● Task: Scan the records beneath this line for the line holding "90sプルオーバーパーカー　古着 ネイビー サイズ:XXLの古着・服飾アイテム" and the line holding "Tree leggings", then transcribe exactly those two and all lines between.

━━━ Supplied material

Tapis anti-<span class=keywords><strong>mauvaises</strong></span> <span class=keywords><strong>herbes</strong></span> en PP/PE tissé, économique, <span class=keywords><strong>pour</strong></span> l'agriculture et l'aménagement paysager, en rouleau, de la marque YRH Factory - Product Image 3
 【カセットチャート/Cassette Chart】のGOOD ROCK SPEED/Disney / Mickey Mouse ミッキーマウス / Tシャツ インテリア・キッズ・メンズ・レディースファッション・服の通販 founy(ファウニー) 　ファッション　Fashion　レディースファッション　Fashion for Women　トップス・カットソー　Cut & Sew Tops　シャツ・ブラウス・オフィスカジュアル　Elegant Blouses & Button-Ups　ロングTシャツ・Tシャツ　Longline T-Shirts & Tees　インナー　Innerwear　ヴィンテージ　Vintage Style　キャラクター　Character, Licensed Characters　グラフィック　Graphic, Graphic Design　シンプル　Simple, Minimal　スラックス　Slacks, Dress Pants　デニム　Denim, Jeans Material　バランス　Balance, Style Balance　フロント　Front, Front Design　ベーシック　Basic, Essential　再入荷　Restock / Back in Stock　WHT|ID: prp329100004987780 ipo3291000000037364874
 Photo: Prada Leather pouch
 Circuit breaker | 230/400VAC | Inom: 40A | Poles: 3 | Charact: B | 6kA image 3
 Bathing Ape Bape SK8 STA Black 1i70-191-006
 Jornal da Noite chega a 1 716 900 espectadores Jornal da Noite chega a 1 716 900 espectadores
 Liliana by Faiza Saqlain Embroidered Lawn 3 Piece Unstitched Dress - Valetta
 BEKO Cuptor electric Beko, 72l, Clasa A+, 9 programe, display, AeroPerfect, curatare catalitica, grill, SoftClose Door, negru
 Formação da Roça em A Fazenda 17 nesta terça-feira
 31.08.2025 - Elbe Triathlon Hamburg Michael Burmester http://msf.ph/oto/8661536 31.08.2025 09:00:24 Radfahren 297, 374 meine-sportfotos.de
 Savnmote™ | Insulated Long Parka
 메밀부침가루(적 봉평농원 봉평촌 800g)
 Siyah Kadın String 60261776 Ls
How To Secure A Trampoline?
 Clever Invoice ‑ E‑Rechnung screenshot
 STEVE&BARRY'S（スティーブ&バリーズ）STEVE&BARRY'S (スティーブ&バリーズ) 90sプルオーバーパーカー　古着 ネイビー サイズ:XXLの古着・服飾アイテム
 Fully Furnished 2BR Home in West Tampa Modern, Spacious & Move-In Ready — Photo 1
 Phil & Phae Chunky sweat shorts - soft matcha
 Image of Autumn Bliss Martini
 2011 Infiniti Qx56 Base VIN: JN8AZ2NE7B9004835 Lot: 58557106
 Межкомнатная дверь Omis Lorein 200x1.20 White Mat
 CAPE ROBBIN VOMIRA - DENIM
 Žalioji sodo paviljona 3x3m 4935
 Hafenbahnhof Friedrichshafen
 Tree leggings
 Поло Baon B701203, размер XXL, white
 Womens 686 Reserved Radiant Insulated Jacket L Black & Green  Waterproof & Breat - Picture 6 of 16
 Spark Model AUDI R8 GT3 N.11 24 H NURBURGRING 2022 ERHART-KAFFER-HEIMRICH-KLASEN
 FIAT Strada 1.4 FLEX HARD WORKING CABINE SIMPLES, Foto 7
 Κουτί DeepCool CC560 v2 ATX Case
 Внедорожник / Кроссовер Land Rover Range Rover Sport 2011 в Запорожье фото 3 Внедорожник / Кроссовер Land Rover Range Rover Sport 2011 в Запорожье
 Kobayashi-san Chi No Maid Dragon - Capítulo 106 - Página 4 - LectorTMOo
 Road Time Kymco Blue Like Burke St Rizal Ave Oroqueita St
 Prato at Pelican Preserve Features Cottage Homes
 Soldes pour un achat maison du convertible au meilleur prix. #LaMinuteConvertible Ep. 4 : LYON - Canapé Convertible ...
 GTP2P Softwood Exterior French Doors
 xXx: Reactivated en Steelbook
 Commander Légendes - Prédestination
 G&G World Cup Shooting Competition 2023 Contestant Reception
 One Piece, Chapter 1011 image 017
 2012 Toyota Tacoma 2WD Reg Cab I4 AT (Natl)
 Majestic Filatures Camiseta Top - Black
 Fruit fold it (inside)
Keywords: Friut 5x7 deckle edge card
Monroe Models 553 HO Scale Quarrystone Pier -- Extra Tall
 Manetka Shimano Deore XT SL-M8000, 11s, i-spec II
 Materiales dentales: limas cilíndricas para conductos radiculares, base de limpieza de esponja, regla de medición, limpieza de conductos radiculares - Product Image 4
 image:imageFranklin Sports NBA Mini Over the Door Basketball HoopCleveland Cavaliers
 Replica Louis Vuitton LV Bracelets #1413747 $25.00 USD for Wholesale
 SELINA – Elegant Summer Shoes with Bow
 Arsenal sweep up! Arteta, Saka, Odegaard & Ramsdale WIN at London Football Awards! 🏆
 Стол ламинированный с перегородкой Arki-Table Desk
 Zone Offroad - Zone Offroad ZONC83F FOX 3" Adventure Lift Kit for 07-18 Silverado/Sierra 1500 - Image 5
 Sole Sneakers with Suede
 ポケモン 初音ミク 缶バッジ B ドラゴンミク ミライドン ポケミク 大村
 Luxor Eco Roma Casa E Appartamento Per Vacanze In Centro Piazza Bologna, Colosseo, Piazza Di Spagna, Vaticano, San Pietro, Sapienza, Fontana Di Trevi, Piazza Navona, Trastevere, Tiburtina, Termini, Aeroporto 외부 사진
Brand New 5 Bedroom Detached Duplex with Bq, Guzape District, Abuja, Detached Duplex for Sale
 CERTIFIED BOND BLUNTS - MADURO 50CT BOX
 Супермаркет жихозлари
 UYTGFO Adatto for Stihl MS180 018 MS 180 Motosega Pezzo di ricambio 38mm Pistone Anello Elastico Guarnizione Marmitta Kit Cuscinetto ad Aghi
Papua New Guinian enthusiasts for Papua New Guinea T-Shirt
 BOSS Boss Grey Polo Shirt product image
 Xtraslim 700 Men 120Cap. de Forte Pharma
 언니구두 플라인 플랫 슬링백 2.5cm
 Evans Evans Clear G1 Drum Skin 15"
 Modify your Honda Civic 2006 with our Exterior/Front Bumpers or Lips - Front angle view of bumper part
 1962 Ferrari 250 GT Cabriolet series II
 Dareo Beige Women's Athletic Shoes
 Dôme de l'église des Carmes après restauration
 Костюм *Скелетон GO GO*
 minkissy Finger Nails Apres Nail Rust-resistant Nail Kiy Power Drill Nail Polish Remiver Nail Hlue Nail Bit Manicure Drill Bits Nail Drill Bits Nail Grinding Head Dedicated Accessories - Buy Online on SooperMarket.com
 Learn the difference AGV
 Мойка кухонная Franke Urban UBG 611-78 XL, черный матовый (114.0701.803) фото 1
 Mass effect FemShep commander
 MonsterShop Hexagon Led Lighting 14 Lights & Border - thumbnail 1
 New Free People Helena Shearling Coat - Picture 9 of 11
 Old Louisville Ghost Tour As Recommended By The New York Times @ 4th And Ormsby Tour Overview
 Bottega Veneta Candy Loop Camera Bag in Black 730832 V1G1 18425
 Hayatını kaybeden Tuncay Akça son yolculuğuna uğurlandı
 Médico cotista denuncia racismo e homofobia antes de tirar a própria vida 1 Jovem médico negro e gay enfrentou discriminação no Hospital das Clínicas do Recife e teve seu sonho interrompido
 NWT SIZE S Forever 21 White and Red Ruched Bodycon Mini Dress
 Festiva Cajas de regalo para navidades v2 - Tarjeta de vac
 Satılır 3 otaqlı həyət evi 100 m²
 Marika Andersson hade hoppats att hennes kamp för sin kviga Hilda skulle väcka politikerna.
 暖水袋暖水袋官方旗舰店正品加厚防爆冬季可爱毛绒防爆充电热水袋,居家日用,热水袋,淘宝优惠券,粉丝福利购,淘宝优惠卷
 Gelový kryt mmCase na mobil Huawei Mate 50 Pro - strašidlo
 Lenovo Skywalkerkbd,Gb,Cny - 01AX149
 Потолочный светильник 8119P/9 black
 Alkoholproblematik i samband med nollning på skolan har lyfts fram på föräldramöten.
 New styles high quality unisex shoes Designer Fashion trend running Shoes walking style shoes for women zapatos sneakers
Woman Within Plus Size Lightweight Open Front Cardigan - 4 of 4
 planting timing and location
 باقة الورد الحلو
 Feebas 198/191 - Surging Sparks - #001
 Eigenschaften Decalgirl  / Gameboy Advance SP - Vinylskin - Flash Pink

━━━━━━

● Solved problem:
 STEVE&BARRY'S（スティーブ&バリーズ）STEVE&BARRY'S (スティーブ&バリーズ) 90sプルオーバーパーカー　古着 ネイビー サイズ:XXLの古着・服飾アイテム
 Fully Furnished 2BR Home in West Tampa Modern, Spacious & Move-In Ready — Photo 1
 Phil & Phae Chunky sweat shorts - soft matcha
 Image of Autumn Bliss Martini
 2011 Infiniti Qx56 Base VIN: JN8AZ2NE7B9004835 Lot: 58557106
 Межкомнатная дверь Omis Lorein 200x1.20 White Mat
 CAPE ROBBIN VOMIRA - DENIM
 Žalioji sodo paviljona 3x3m 4935
 Hafenbahnhof Friedrichshafen
 Tree leggings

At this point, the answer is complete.